## WHAT TO PRODUCE
If a picture appears among the records, leave it out and set down everything else exactly as it stands.

## DATASET EXTRACT
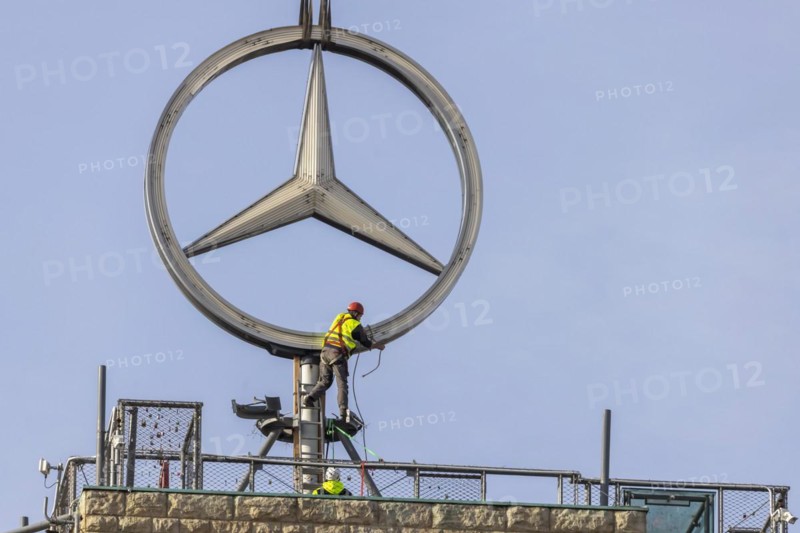 Mercedes star on the station tower is being dismantled. During the approximately 250 million euro refurbishment of the Bonatzbau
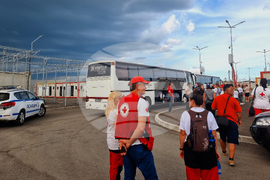 Елхово - буферен център - украинци - настаняване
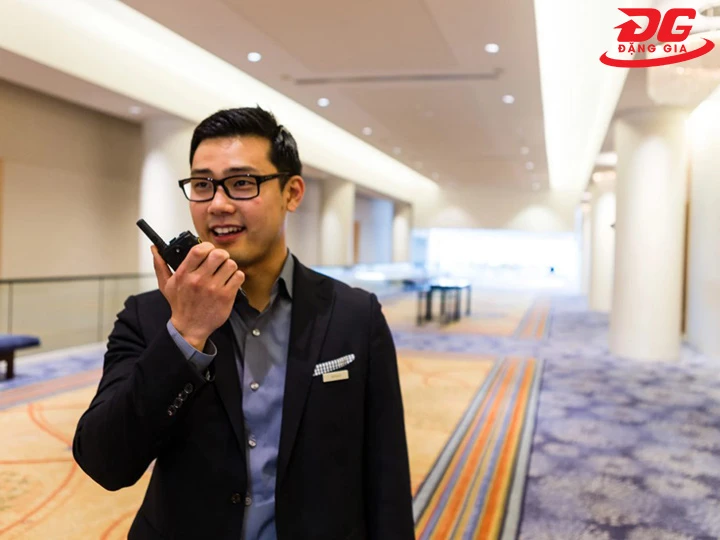 liên lạc tức thì với 16 kênh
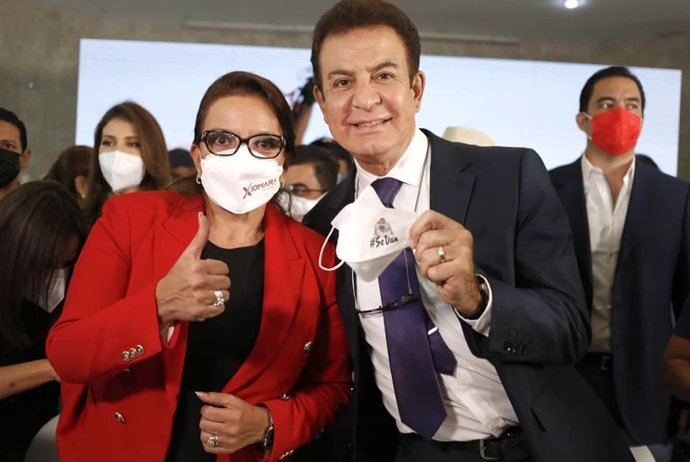 La candidata del Partido Libertad y Refundación (Libre), Xiomara Castro, junto con el aspirante de Partido Salvador de Honduras (PSH), Salvador Nasralla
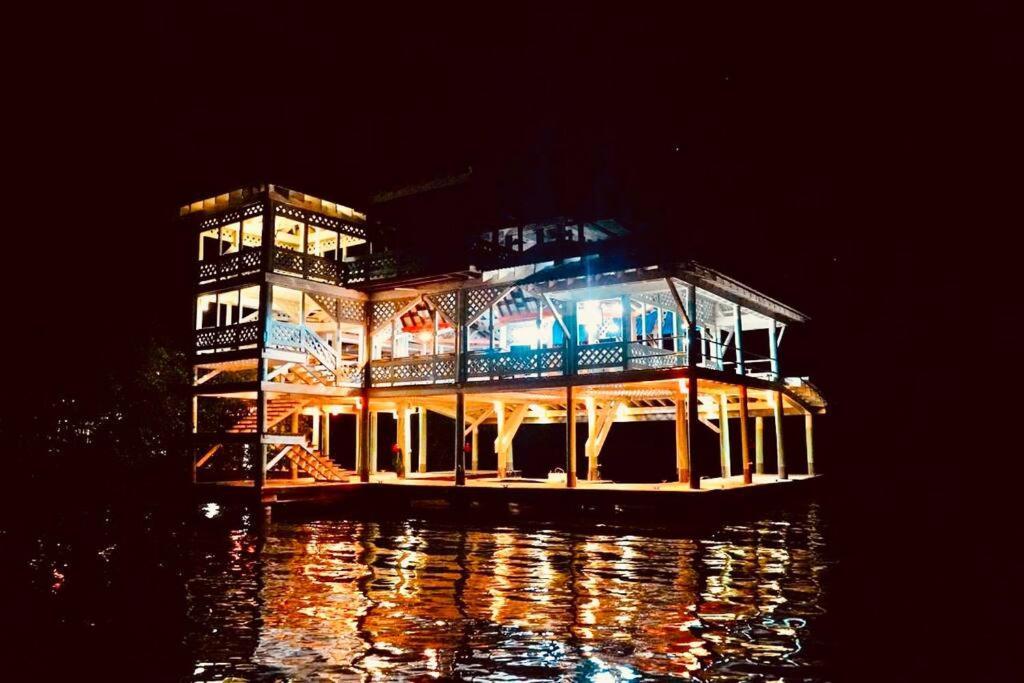 The Dock Resort Over Water Retreat ويست ايند المظهر الخارجي الصورة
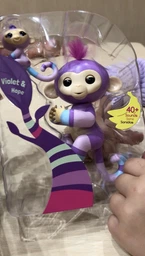 Интерактивная гламурная ручная обезьянка WowWee Fingerlings Эшли с мини-обезьянкой (W3540/3542) (771171135425) фото от покупателей 13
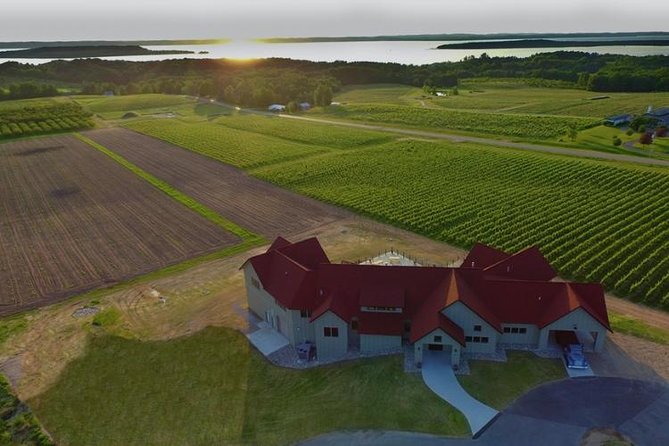 5-Hour Traverse City Wine Tour: 4 Wineries on Old Mission Peninsula - Participating Wineries and Tasting Pricing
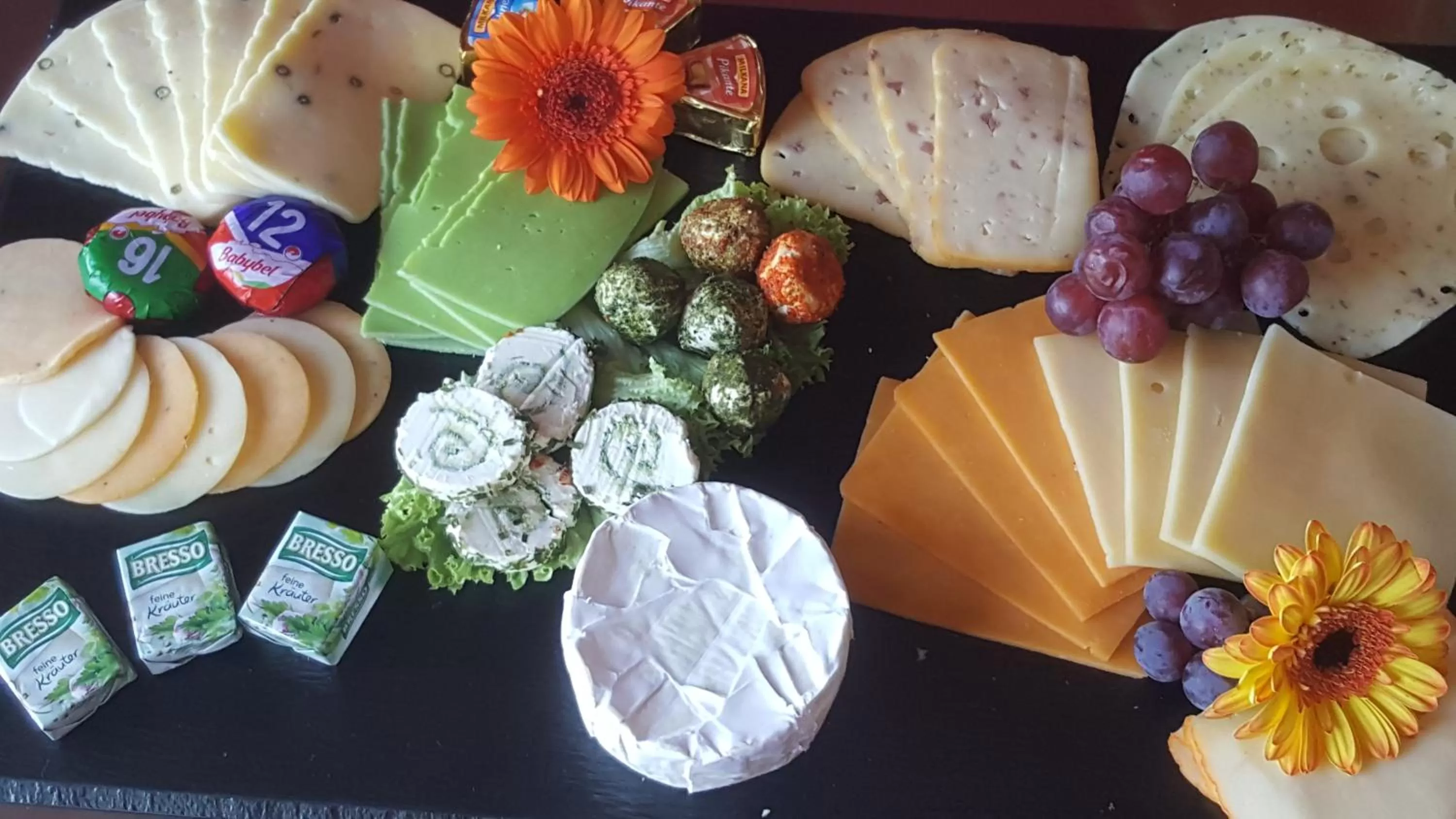 Continental breakfast in Villa & Hotel Am Park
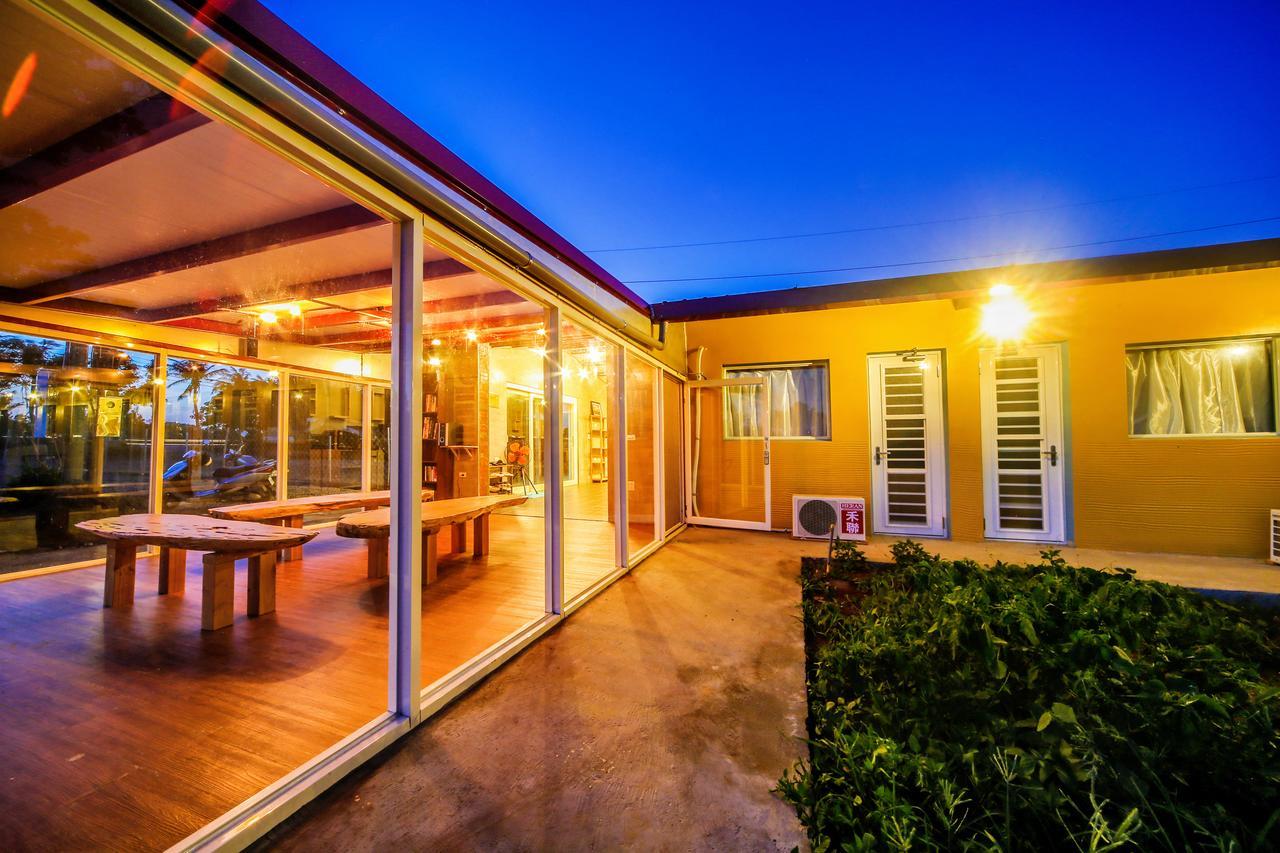 Bed and Breakfast 藍洞潛水Blue Hole Dive Center à Heng-ch'un Extérieur photo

## TASK ANSWER
 Mercedes star on the station tower is being dismantled. During the approximately 250 million euro refurbishment of the Bonatzbau
 Елхово - буферен център - украинци - настаняване
 liên lạc tức thì với 16 kênh
 La candidata del Partido Libertad y Refundación (Libre), Xiomara Castro, junto con el aspirante de Partido Salvador de Honduras (PSH), Salvador Nasralla
 The Dock Resort Over Water Retreat ويست ايند المظهر الخارجي الصورة
 Интерактивная гламурная ручная обезьянка WowWee Fingerlings Эшли с мини-обезьянкой (W3540/3542) (771171135425) фото от покупателей 13
 5-Hour Traverse City Wine Tour: 4 Wineries on Old Mission Peninsula - Participating Wineries and Tasting Pricing
 Continental breakfast in Villa & Hotel Am Park
 Bed and Breakfast 藍洞潛水Blue Hole Dive Center à Heng-ch'un Extérieur photo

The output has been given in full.